Exercise directions -
Without including any pictures, reproduce all the lines below word for word.

Recorded data -
——
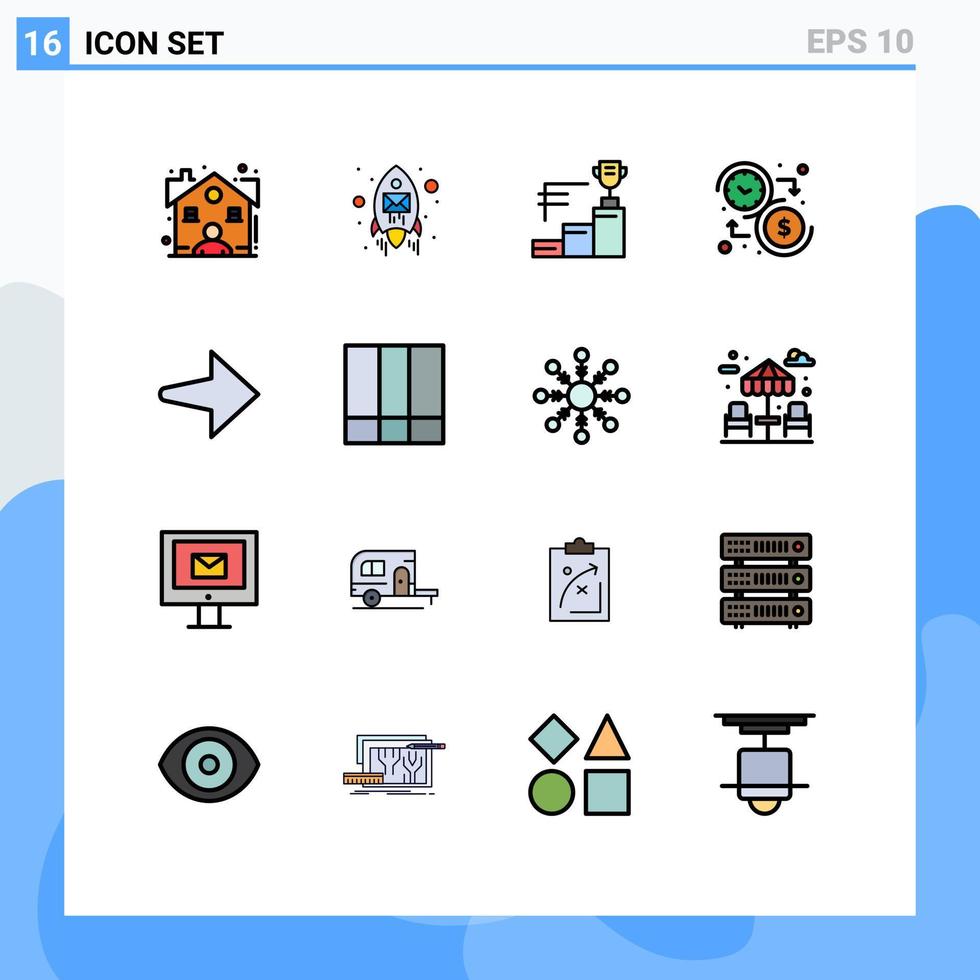 ensemble de 16 symboles d'icônes d'interface utilisateur modernes signes pour les réalisations de temps de flèche budget d'argent éléments de conception de vecteur créatif modifiables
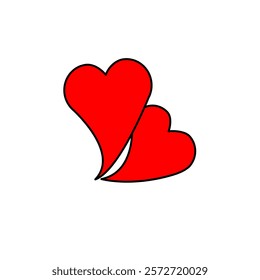 flat red heart logo valentine's day, two hearts in a row with pull down effect, isolated icon with white background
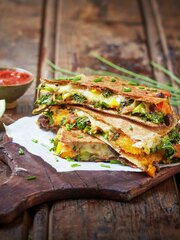 Quesadillas med grønnkål og gresskar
——
Result of the exercise -
 ensemble de 16 symboles d'icônes d'interface utilisateur modernes signes pour les réalisations de temps de flèche budget d'argent éléments de conception de vecteur créatif modifiables
 flat red heart logo valentine's day, two hearts in a row with pull down effect, isolated icon with white background
 Quesadillas med grønnkål og gresskar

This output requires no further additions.